Scientific software is widely used in science and engineering. Such software plays a vital role in critical decision-making in fields such as the nuclear industry, medicine, and the military. In addition, results obtained from scientific software are used as evidence in research publications. Despite the critical usage of such software, many studies have pointed out a lack of systematic testing of scientific software. As a result, subtle program errors can remain undetected. These subtle errors can produce seemingly correct outputs without causing the program to crash. There are numerous reports of subtle faults in scientific software causing losses of billions of dollars and the withdrawal of scientific publications. One of the greatest challenges faced when testing scientific software is the oracle problem. Systematic automated testing requires a test oracle to check whether the outputs produced by test cases are correct according to the expected behavior of the program. But most scientific software is written to find answers that are previously unknown. Therefore, test oracles do not exist, or it is practically difficult to implement them for these programs.
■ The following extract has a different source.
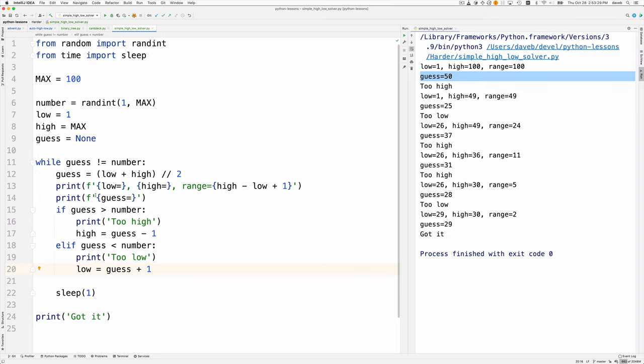After each time through the loop we sleep. When the loop finishes, it's because the guess is correct, and the program says got it. See you next time.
Consequently, testing techniques that depend on a perfect test oracle cannot be used for testing most scientific software. Up to now, software testing research has not provided effective solutions for the challenges presented by scientific software. This project aimed to address these challenges by developing automated techniques for test oracle creation, test case selection, and developing methods for test oracle prioritization. Further, these developed techniques are implemented in a publicly available, easy-to-use testing tool so that they can be incorporated into the scientific software development culture such that the testing activities will not interfere with “doing science.”
Our results show that systematic software testing, specifically metamorphic testing combined with the novel approaches developed in this project, can be incorporated into scientific software development. Specifically, our work shows that
- Machine learning methods such as supervised learning and semi-supervised learning combined with text mining can be used to predict metamorphic relations. These predicted metamorphic relations allow determining test cases that have passed or failed when testing scientific software. Thus, these predicted metamorphic relations allow conducting automated testing on programs that produce complex outputs and programs that produce previously unknown outputs.
- The two systematic source test case generation approaches that we developed can increase the fault-detection effectiveness of metamorphic testing compared to the state-of-the-art approach, which is random source test case generation.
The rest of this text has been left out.